11. ### George HeroldGuest

Big Grin! Thanks Jon. You're much better at discrete design than I
am.
(Which isn't saying much.)
After spouting off I was reading a bit in AoE.
(I use to have the lab manual, but it went to a new home
a few years ago, hopefully guiding the next generation.)

I totally agree about not wanting to have the gain based on the (25mV)
thermal voltage. But to do that you can't bypass the entire emitter
resistor. (Maybe that is the next lesson?) I do like having big
supply voltages, then wasting a volt here or there doesn't cost you
much.

George H.

12. ### Jon KirwanGuest

The capacitor (soon) acquires a voltage equal to the DC
operating point across Re. All it does is short out the AC
part. But the DC operating point (and therefore Iq) at the
tip of the emitter holds solid. (Shahriar, shortly after
about 6 minutes into the video, shows you the Ie equation he
easily derived, but without showing you how.)

The point of Re is to maintain the biasing point so that the
expected useful collector peak to peak remains valid. And it
does.
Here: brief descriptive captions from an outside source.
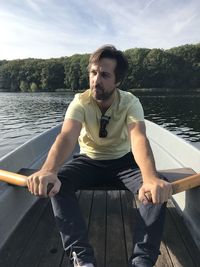 Man in boat on lake against sky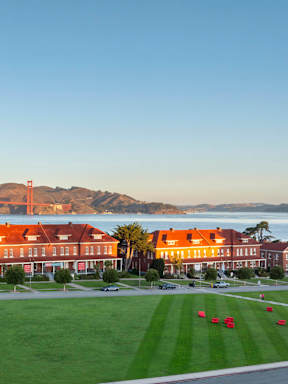 A large building with a red roof is surrounded by a green lawn.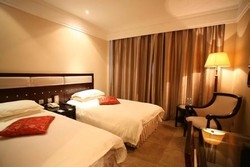 Imagen de la habitación del Hotel Huajing Grand Hotel. Foto 6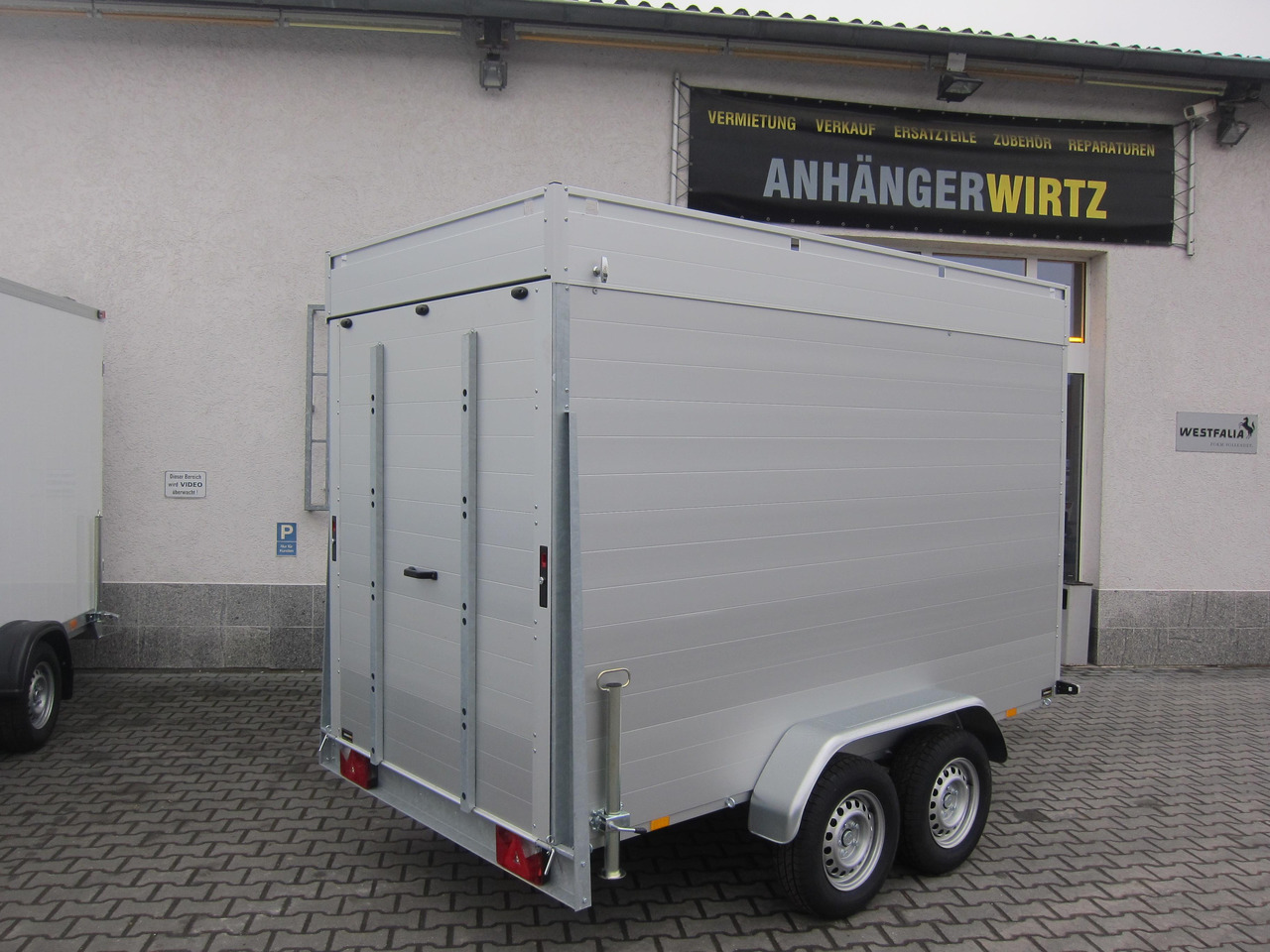 ALUBOXX Deckelanhänger GTT 2500 VT4 301x151x188cm Heckrampe (M) 2500kg order online Aktion - Prikolica zabojnik: slika 4 ALUBOXX Deckelanhänger GTT 2500 VT4 301x151x188cm Heckrampe (M) 2500kg order online Aktion - Prikolica zabojnik: slika 4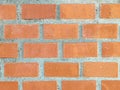 Close-up of a bright orange brick wall, featuring a textured surface with various shades of orange Royalty Free Stock Photo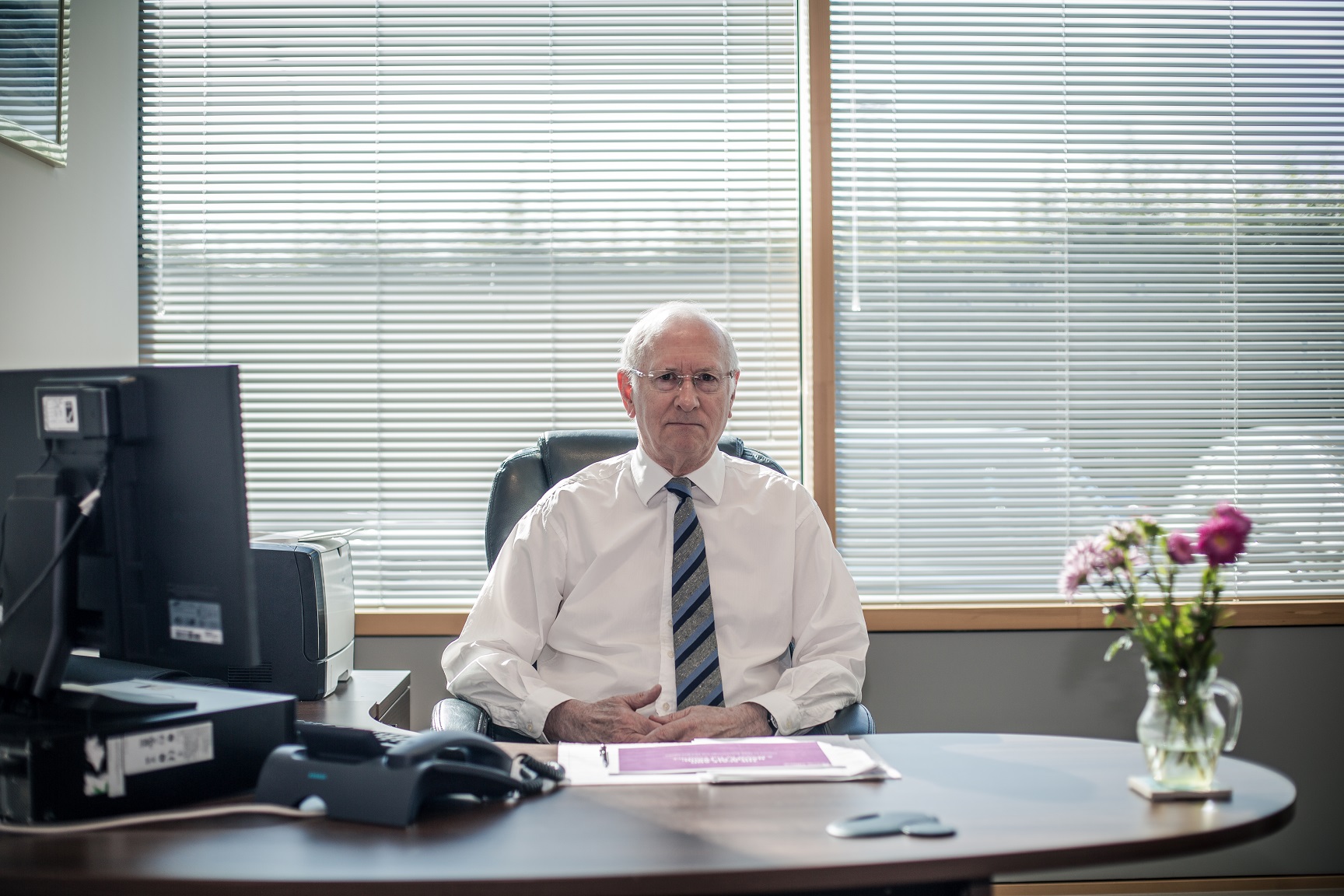 Dr Alan Billings, South Yorkshire Police and Crime Commissioner sat at a desk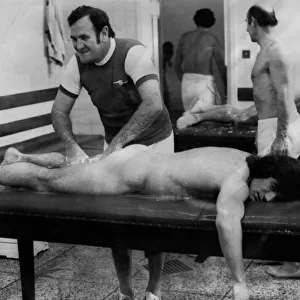 England manager Don Revie massages the thigh of a naked Kevin Keegan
The capacitor doesn't impact that, since it is almost
entirely determined at DC (the AC does wiggle things very
slightly.) So the biasing point, and Iq, remain stable over
temperature.

Temperature impacts kT/q, which impacts A due to the fact
that the value of "40" in the AC gain of 40*Iq*Rc is just
q/kT and is inversely dependent on T. But exact gain usually
isn't the goal in a single BJY stage -- just a rough design
guide for validating assumptions (The room allowed for
collector swing, for example.) If exact gain overall is
more work on considering sources of time and temp drifts and
their impacts -- or else you stick the circuit into a more
temp stable place like the body cavity of a living human.)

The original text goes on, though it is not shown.